Deflake MCP Chrome screenshot integration test.

Changes:

Stop leaking MCP/Chrome processes by ensuring setupWorkspace() tears down the workspace via workspace.remove(...) and disposes services during test cleanup.
Make the screenshot assertions deterministic by forcing a chrome_take_screenshot tool call via toolPolicy: require (no longer depends on the model deciding to use tools).
Reduce CI variance by pinning chrome-devtools-mcp and using a fixed viewport; run PNG/JPEG cases sequentially; increase the post-stream-end tool-call wait.

Validation:

make static-check

📋 Implementation Plan

Deflake: `tests/ipc/mcpConfig.test.ts` MCP screenshot test

What’s failing

Test: MCP server integration with model › MCP PNG image content is correctly transformed to AI SDK format
Failure: waitForToolCallEnd(…, "chrome_take_screenshot", …) returns undefined → no matching tool-call-end event.

Likely root causes (ranked)

Model nondeterminism: the prompt uses a well-known page (example.com), so the model can sometimes answer from prior knowledge and skip chrome_take_screenshot entirely.
Leaked MCP server processes between tests: setupWorkspace() (in tests/ipc/setup.ts) never calls workspace.remove, so MCP servers started during a test can keep running. That matches the suite’s “Force exiting Jest…” warning and can cause resource contention / sporadic MCP startup failures.
Timing/resource contention: the test runs PNG+JPEG cases concurrently and starts headless Chrome via npx; on slower CI hosts, tool execution and event delivery may exceed the current 20s polling window.

🔎 Evidence in repo

tests/ipc/setup.ts::setupWorkspace() cleanup only deletes temp dirs; it does not call env.orpc.workspace.remove({ workspaceId }).
WorkspaceService.remove() explicitly stops MCP servers via mcpServerManager.stopServers(workspaceId).
mcpConfig.test.ts depends on the model choosing to call chrome_take_screenshot (not enforced).

Recommended approach (A): Keep the integration test, but make it deterministic

Net new product LoC: ~0 (test/harness only)

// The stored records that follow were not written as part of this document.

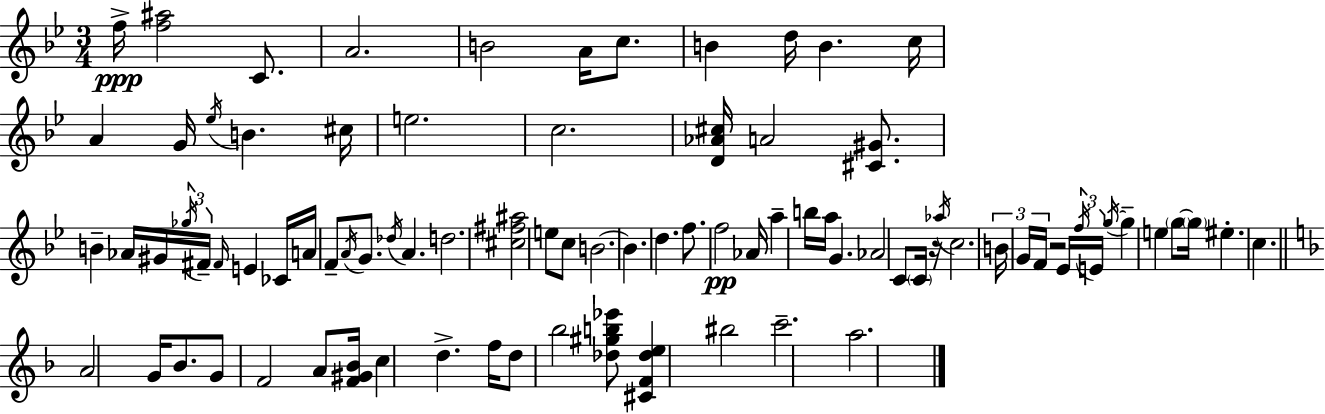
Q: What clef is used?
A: treble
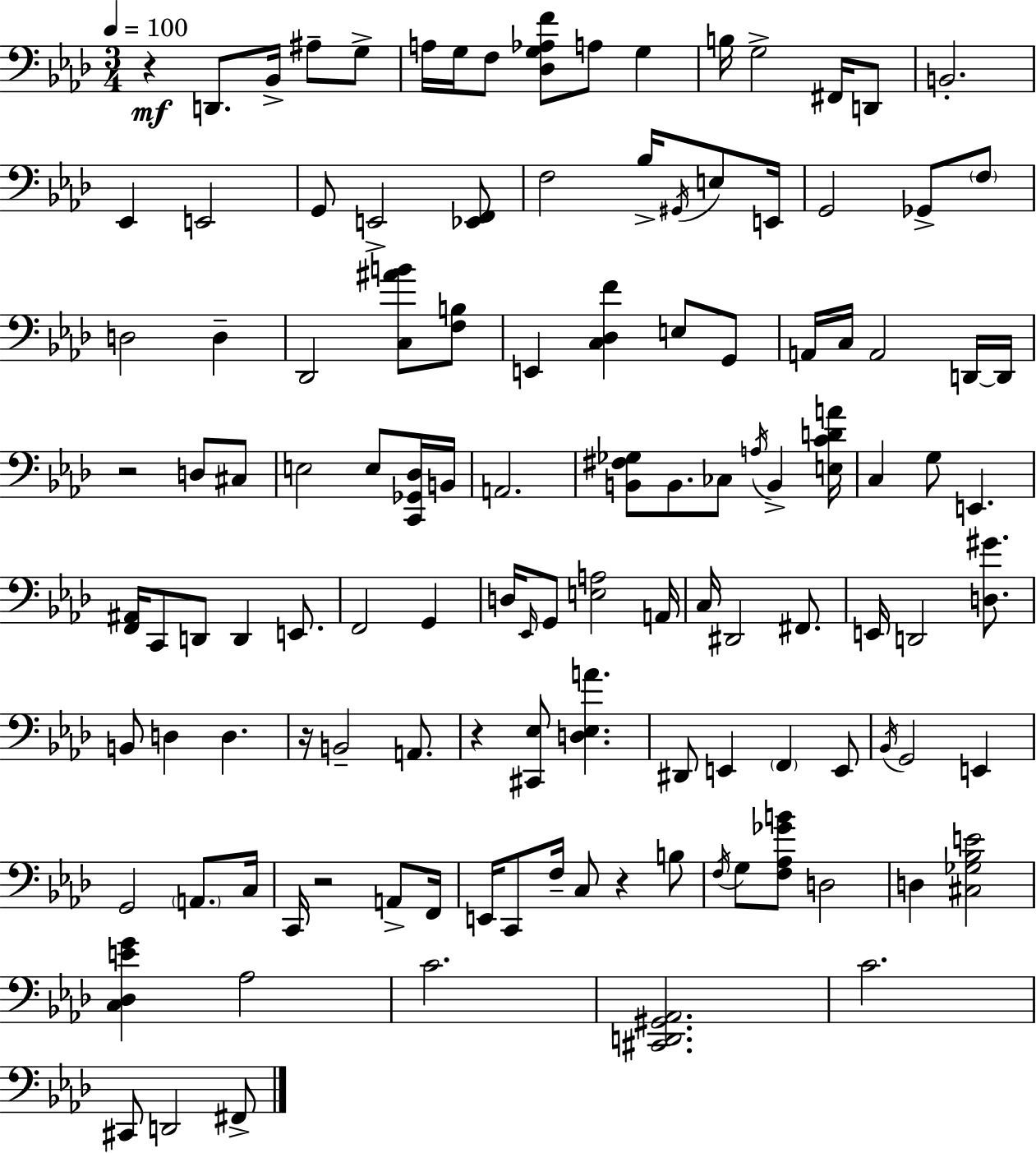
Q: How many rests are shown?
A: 6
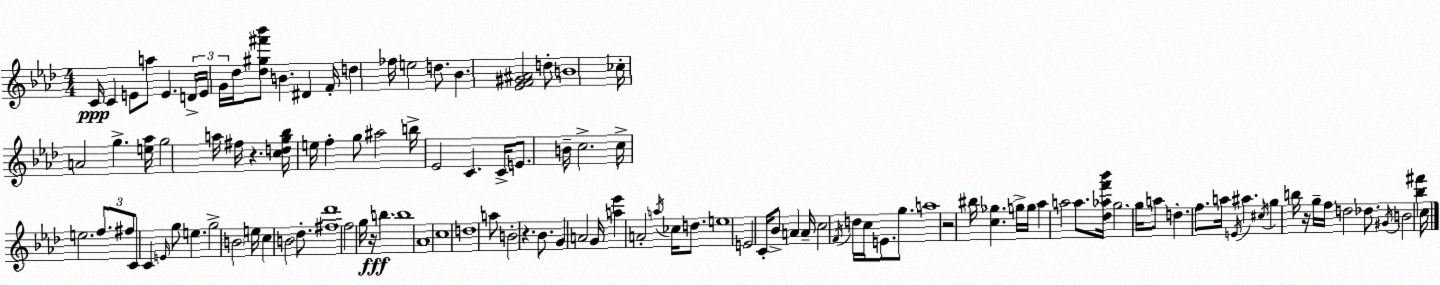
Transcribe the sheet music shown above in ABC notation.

X:1
T:Untitled
M:4/4
L:1/4
K:Ab
C/4 C E/2 a/2 E D/4 E/4 G/4 _d/4 [_d^g^f'_b']/2 B ^D F/4 d _f/4 e2 d/2 _B [_EF^G^A]2 d/2 B4 _c/4 A2 g [e_a]/4 g2 a/4 ^f/4 z [cdg_b]/4 e/4 f g/2 ^a2 b/4 _E2 C C/4 E/2 B/4 c2 c/4 e2 f/2 ^f/2 C/2 C E/4 g/2 e g2 B2 e/4 c B2 _d/2 [^f_d']4 f2 g/4 z/4 b b4 _A4 c4 d4 a/2 B2 z _B/2 G A2 G/4 [a_e'] A2 a/4 _c/4 d/2 e4 E2 C/4 _B/2 A A/4 c2 F/4 d/4 c/4 E/2 g/2 a4 z2 ^b/4 [c_g] g/4 g/4 _a a2 a/2 [_d_af'_b']/4 g2 g/4 a/2 d f/2 a/4 E/4 ^a ^c/4 g b/4 z/4 g/4 f/4 d2 _d/2 ^G/4 B2 [_b^f'] c/4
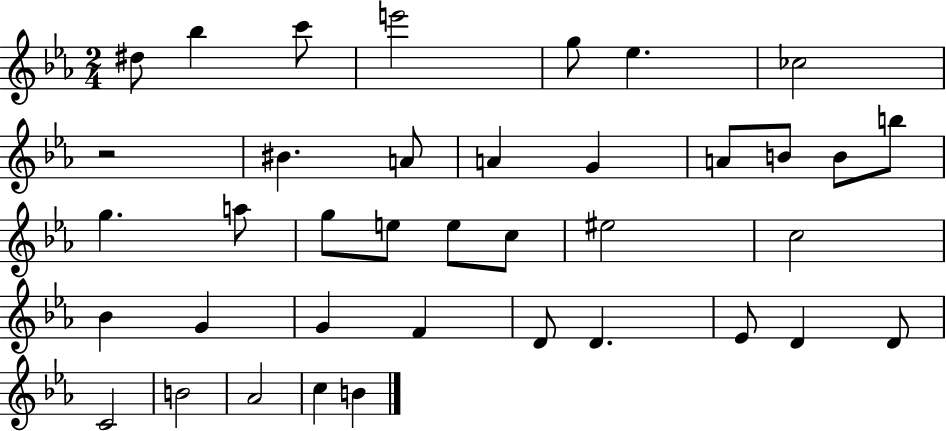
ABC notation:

X:1
T:Untitled
M:2/4
L:1/4
K:Eb
^d/2 _b c'/2 e'2 g/2 _e _c2 z2 ^B A/2 A G A/2 B/2 B/2 b/2 g a/2 g/2 e/2 e/2 c/2 ^e2 c2 _B G G F D/2 D _E/2 D D/2 C2 B2 _A2 c B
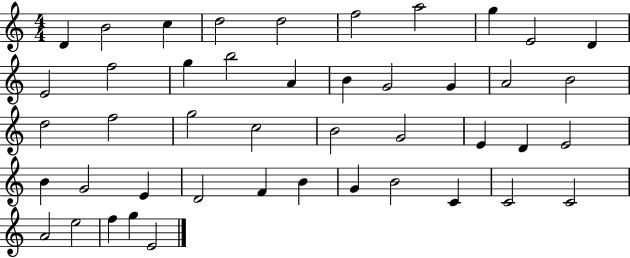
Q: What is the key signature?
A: C major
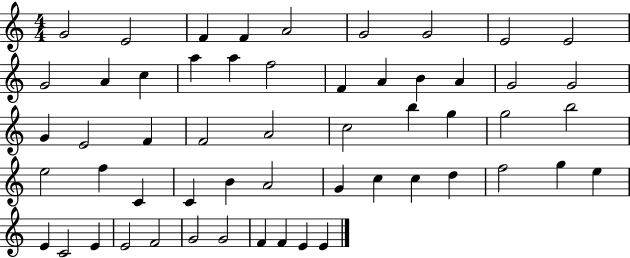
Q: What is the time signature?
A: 4/4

A1) Fix cleanup so MCP servers don’t leak across tests

Update tests/ipc/setup.ts::setupWorkspace()’s cleanup() to:
- await env.orpc.workspace.remove({ workspaceId }).catch(() => {}) (must run before deleting env.tempDir)
- await env.services.dispose() (clears MCP idle interval + terminates background procs)
- then run existing cleanupTestEnvironment(env) + cleanupTempGitRepo(tempGitRepo)

This should eliminate orphaned Chrome/MCP processes and reduce CI flake across the whole integration suite.

A2) Stop relying on the model “choosing” to call screenshot tools

Modify mcpConfig.test.ts so the test asserts the transformation path without depending on free-form model behavior.

Concrete options (pick one):

Option 1 (preferred): force the tool call using toolPolicy: require and don’t assert the description

Send a minimal prompt like:
- PNG: “Call chrome_take_screenshot now.”
- JPEG: “Call chrome_take_screenshot with format "jpeg".”
Pass options.toolPolicy = [{ regex_match: "chrome_take_screenshot", action: "require" }].
Only assert:
- a tool-call-end event exists for chrome_take_screenshot
- assertValidScreenshotResult(…, mediaTypePattern) passes
Drop (or relax) assertModelDescribesScreenshot(); it adds LLM-output flake and isn’t needed to validate the MCP→AI-SDK media transformation.

Option 2: split into two required calls (navigate then screenshot)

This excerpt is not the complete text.